Contextualização
A Comunidade Alecrim é composta por cerca de oitenta famílias, fica no
meio rural do Município de Girau do Ponciano, região agreste de Alagoas e
possui duas escolas de ensino fundamental e outros ambientes comunitários,
utilizados pela população e pelos gestores públicos. Embora tenha uma equipe
técnica do Programa de Saúde da Família (PSF) não existe posto de saúde e a
equipe atende em uma casa alugada pela prefeitura municipal há pelo menos cinco
anos. Com relação à educação, cabe registrar que a prefeitura municipal mantém
salões particulares alugados para atender parte dos alunos da Educação Infantil,
do Ensino Fundamental e da Educação de Jovens e Adultos (EJA), já que as duas
escolas não comportam todos os alunos matriculados. Segundo relatos, apesar das
promessas políticas, essas salas improvisadas se mantêm há anos, sem as
condições apropriadas para o funcionamento. Entende-se que essa questão é séria
e precisa ser debatida, de forma ampla e em vários espaços políticos –
particularmente no âmbito da academia – pois é comum na região, apesar da
disponibilidade de recursos financeiros públicos para investir nas escolas
rurais e urbanas, no Fundo Nacional de Desenvolvimento da Educação.
Na Comunidade Alecrim
não tem sistema de abastecimento de água e nem de saneamento. A Articulação no
Semiárido (ASA) está construindo cisternas para a coleta e o armazenamento de
água de chuva, já que as famílias não dispõem de fontes seguras de água e até
as escolas são abastecidas semanalmente pela prefeitura municipal, com água de
outras localidades, por meio de carros pipa que depositam a água em cisternas.

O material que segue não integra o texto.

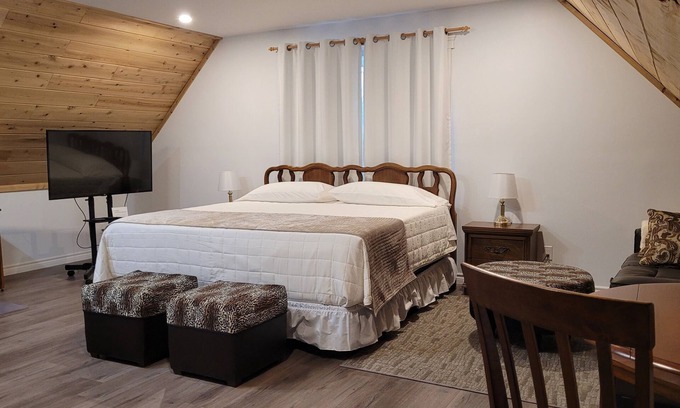 Woodstock Apartamento | The Riverside Inn - a welcoming, peaceful retreat on the water.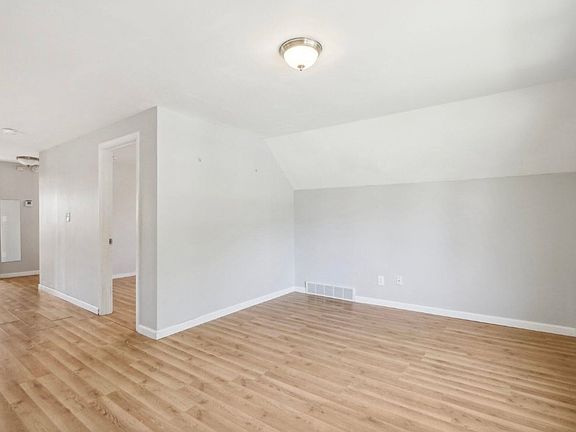 3rd image of 6221-6223 W Leon Ter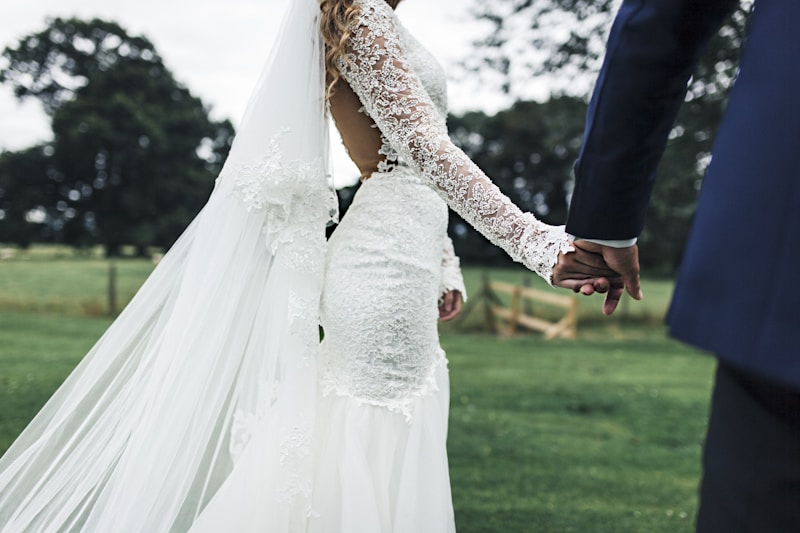 Luxury vs. Simplicity in Wedding Dress Design: Finding Your Perfect Style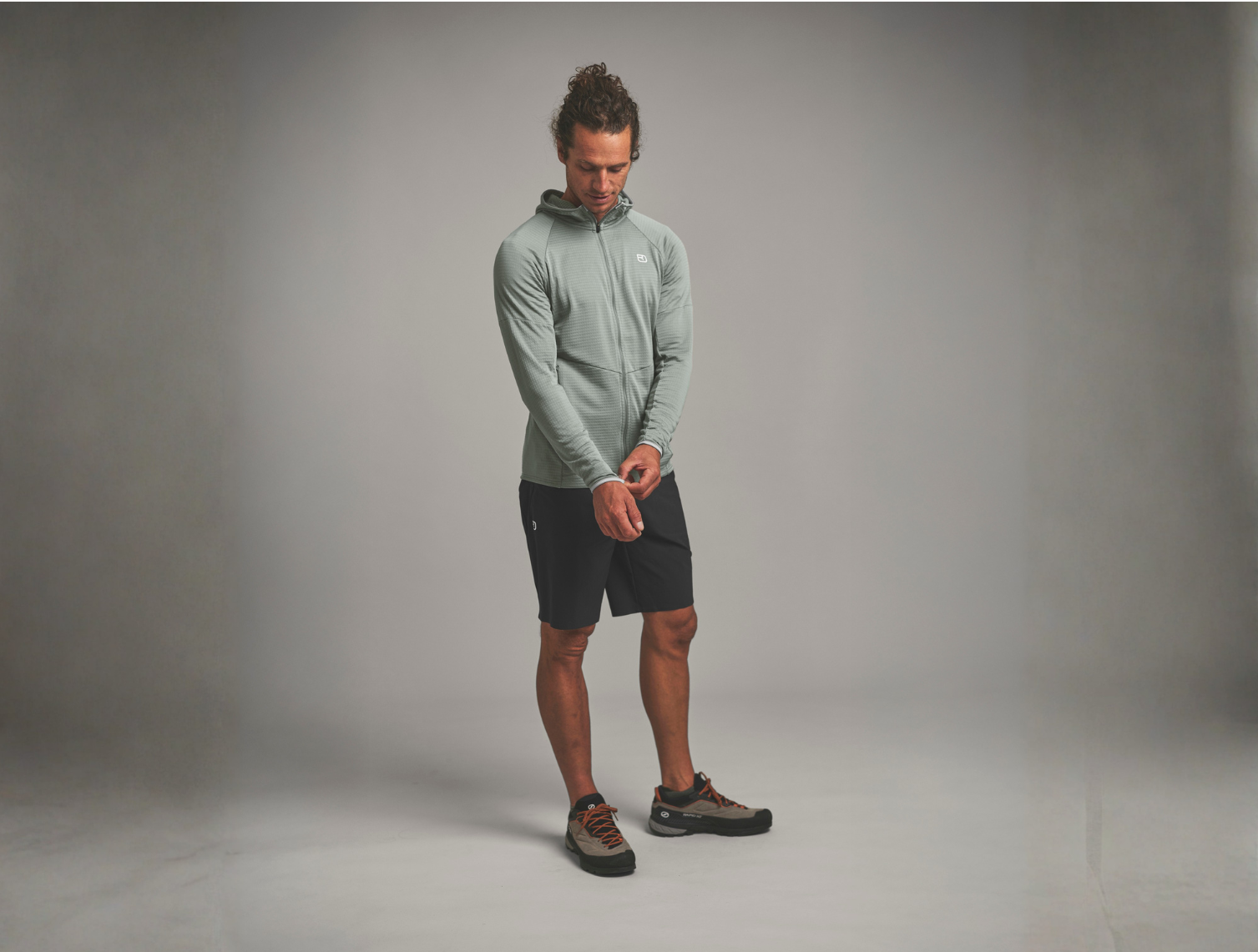 hoodie, hooded jacket, long sleeves, light gray, athletic outfit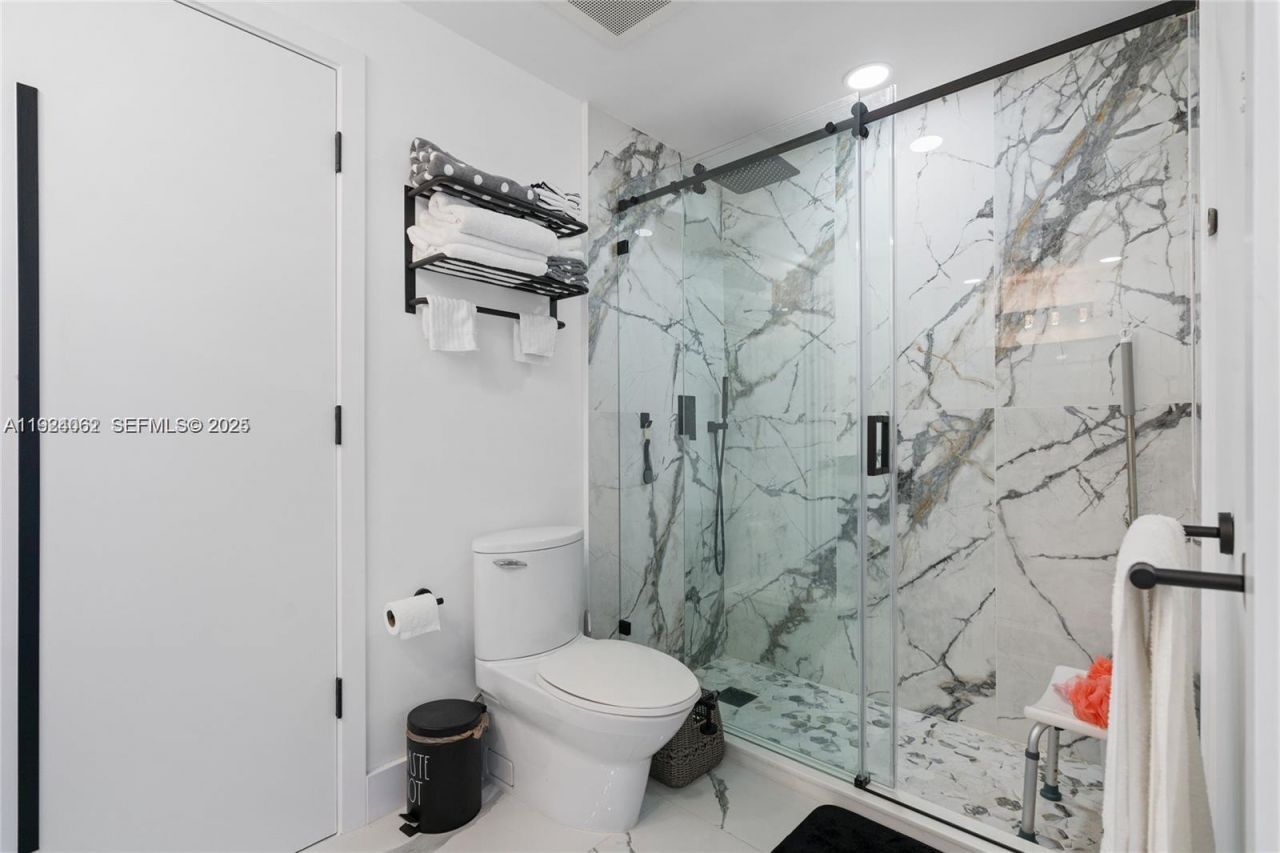 3029 NE 188th St, Unit 1021, Aventura, FL 33180 Photo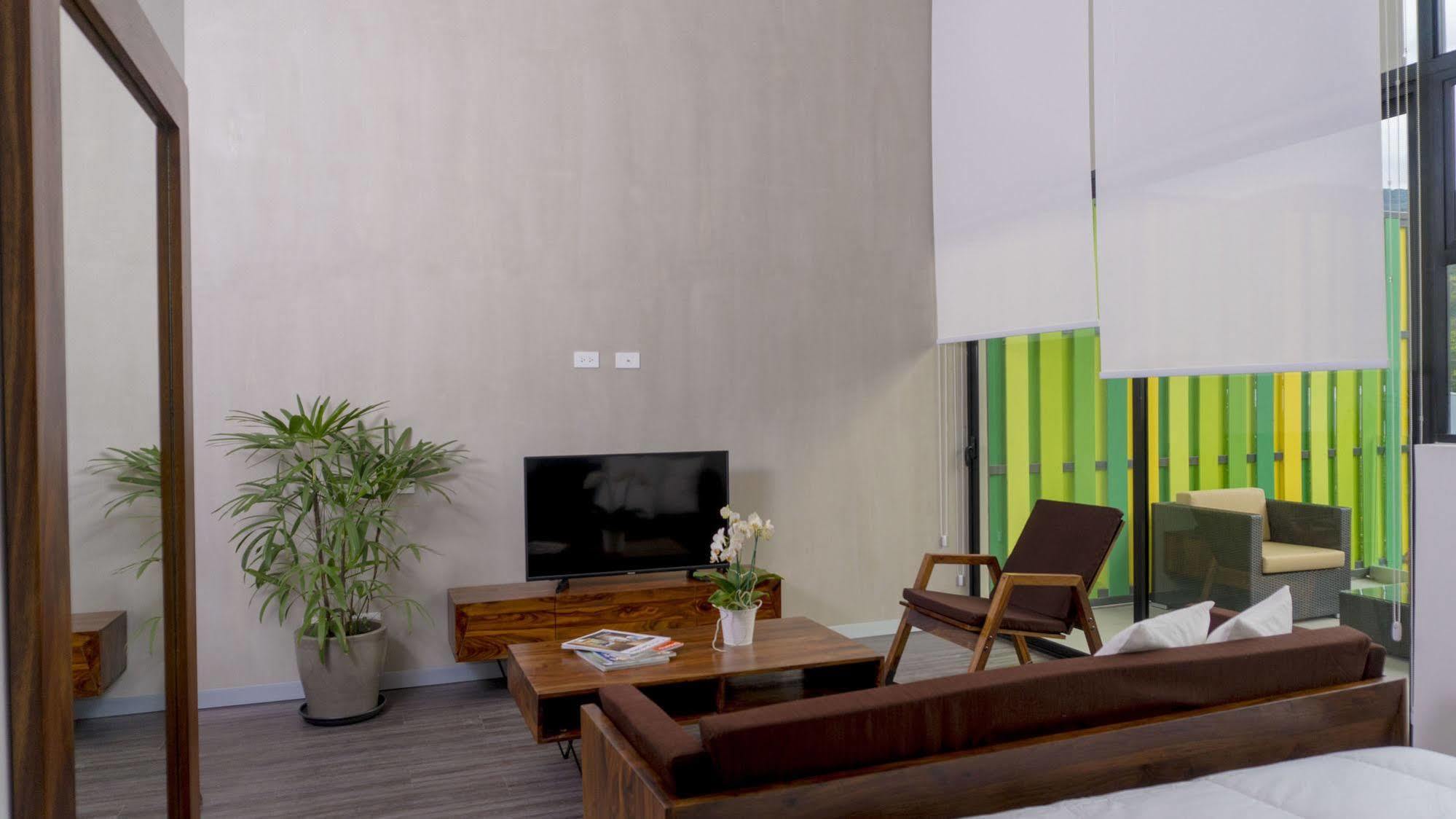 San Jose Corporate Stays Arborea Flats Suites ซานตาอานา ภายนอก รูปภาพ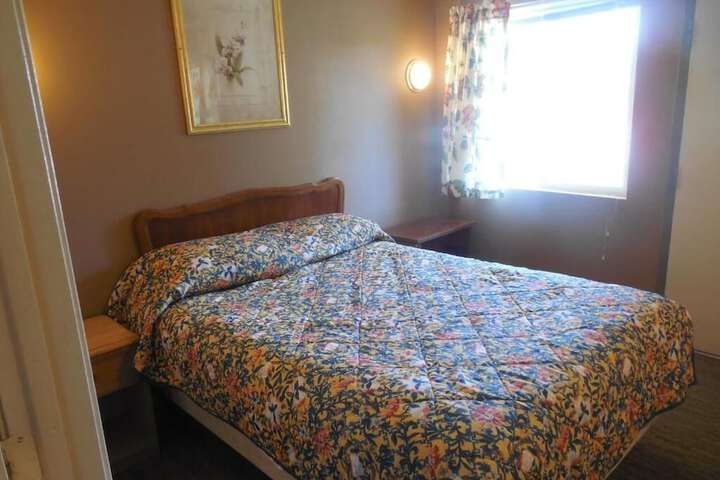 Room 18 of 35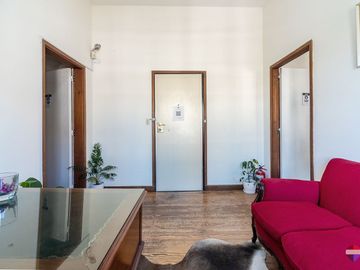 VENTA OFICINA EN ESQUINA SAN NICOLAS
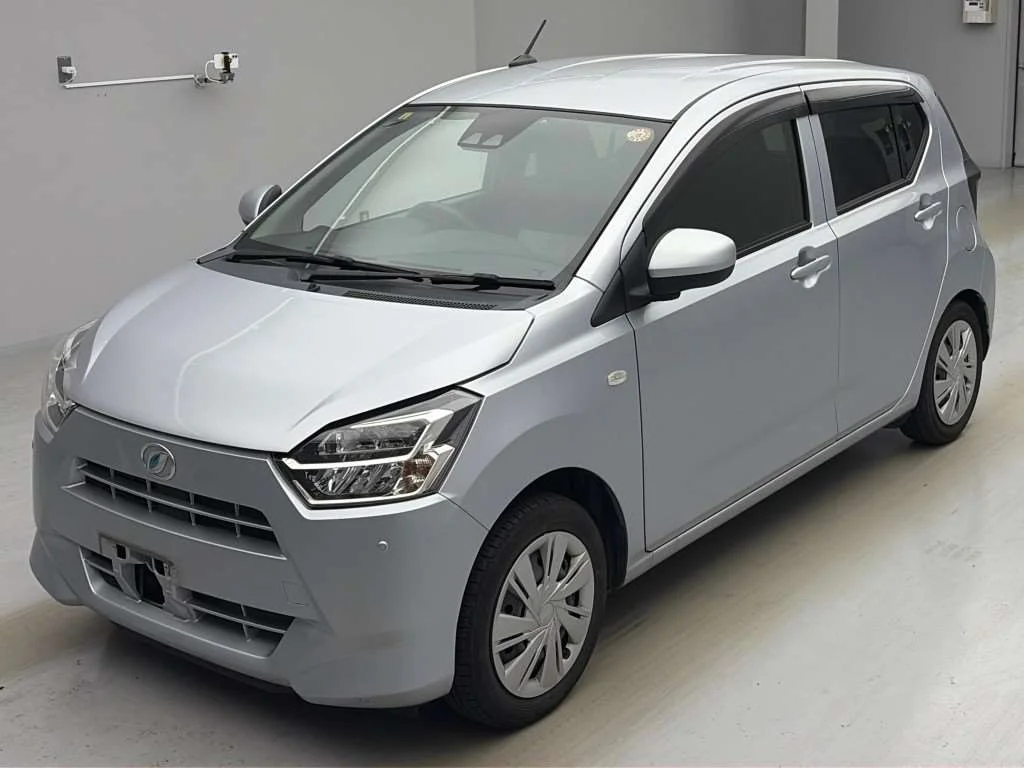 Daihatsu Mira e:S LA350S 2023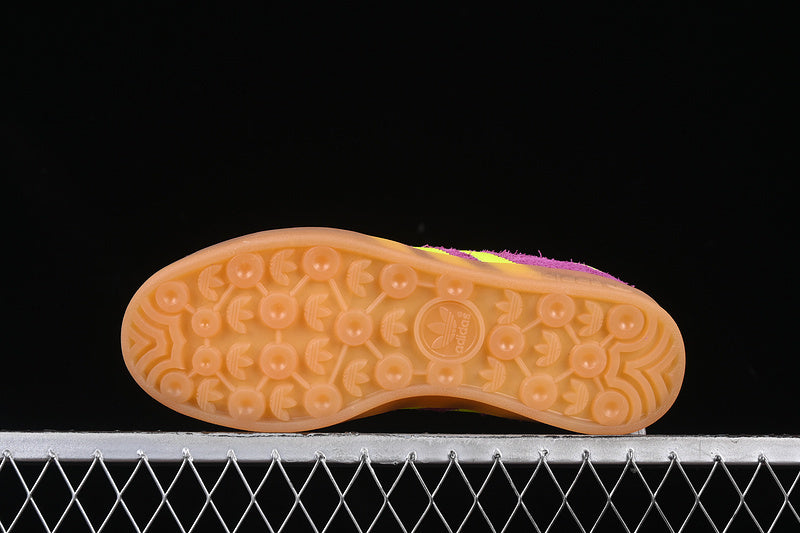 【200】【HQ8715】-[ORIGINALS GAZELLE INDOOR SHOCK PURPLE/SOLAR YELLOW/GUM]-[WOMAN:36-39]-[MAN:40-45]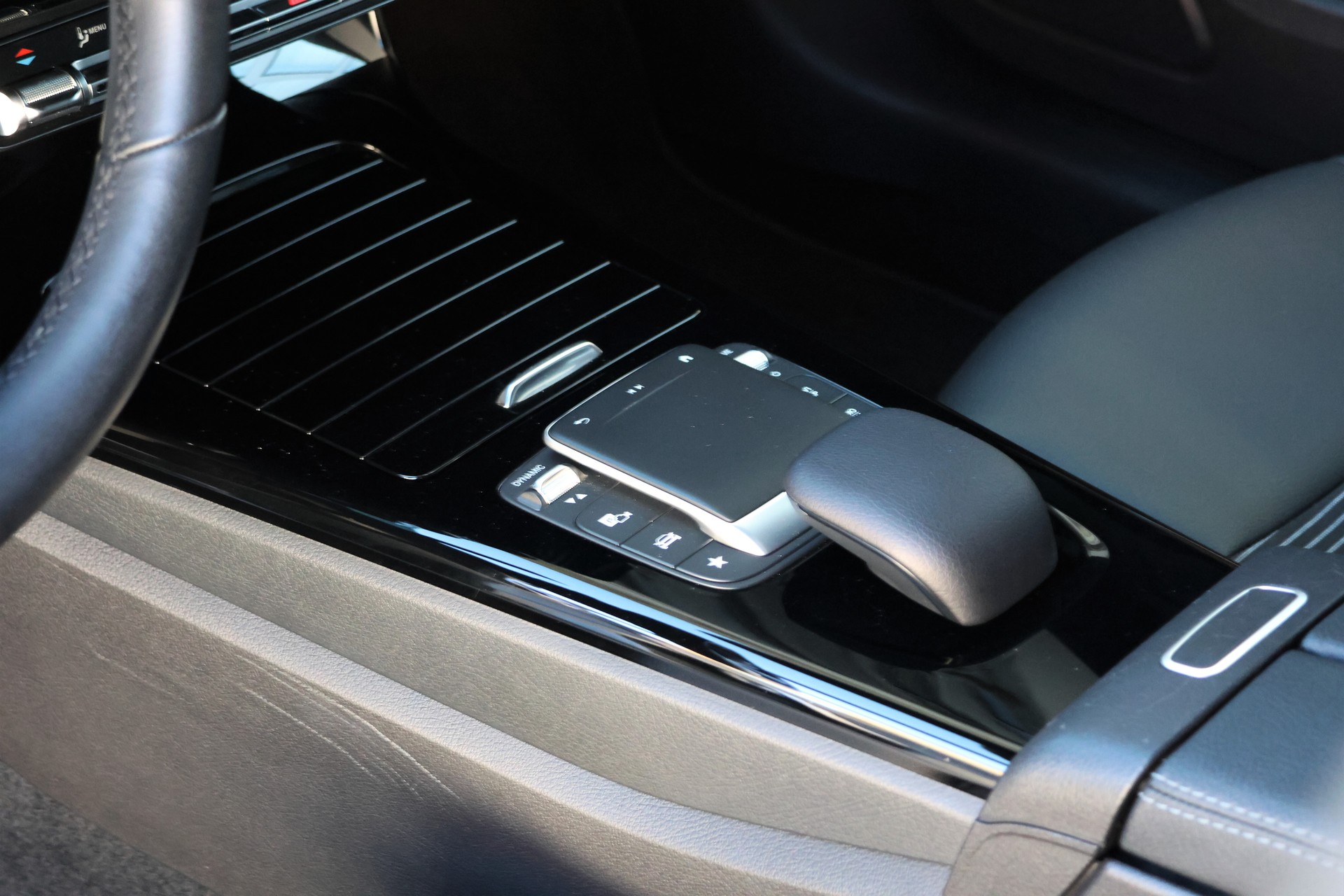 MERCEDES-BENZ A 180 Night Star 7G-DCT (CH)-image-11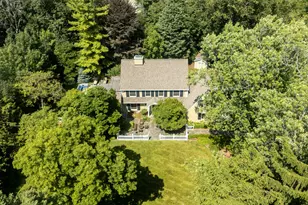 9421 N Lake Dr, Bayside, WI 53217 - Photo 39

Há lixo depositado em vários lugares e o acesso é difícil por conta das
estradas que não são pavimentadas e pela precariedade dos serviços de
transporte públicos. As alunas utilizam suas próprias motos ou serviços de
motoqueiros para participarem das aulas e retornarem a tempo às suas casas, em
percursos longos e onerosos, que demandam tempo e esforço delas e das suas
respectivas famílias, diretamente envolvidas nessa caminhada para conclusão dos
estudos de nível superior.
2 – Apreensões e Percepções
A segunda aula
do Tempo Comunidade foi realizada no dia 31 de agosto de 2012, na Escola
Genoveva Maria, com a participação de professores/as dessa escola, convidados/as
para o debate acerca dos temas Agricultura e Sustentabilidade no Semiárido, a
partir da mostra comentada dos vídeos “Colher Água, Plantar Vida e “Água, Vida
e Alegria no Semiárido”, ambos produzidos pela ASA. Também esteve presente e
participando ativamente a professora Cristianlex Soares, que colaborou muito na
mediação dos debates, provocando e promovendo a aproximação entre as
experiências mostradas nos vídeos, das práticas educativas e das perspectivas
de transformação das realidades, a partir do ingresso destes/as no Procampo. O
que a Educação Contextualizada e o Procampo têm a ver com o Desenvolvimento
Local e a Convivência com o Semiárido? E quais as possíveis mudanças que os/as professores/as
podem provocar nos seus respectivos ambientes de trabalho e nas comunidades em
que vivem? Essas duas perguntas orientaram os debates acerca dos papeis e responsabilidades
de cada educador/a na gestão dos processos de melhoria dos ambientes e dos espaços
públicos, particularmente das escolas onde cada educador/a atua.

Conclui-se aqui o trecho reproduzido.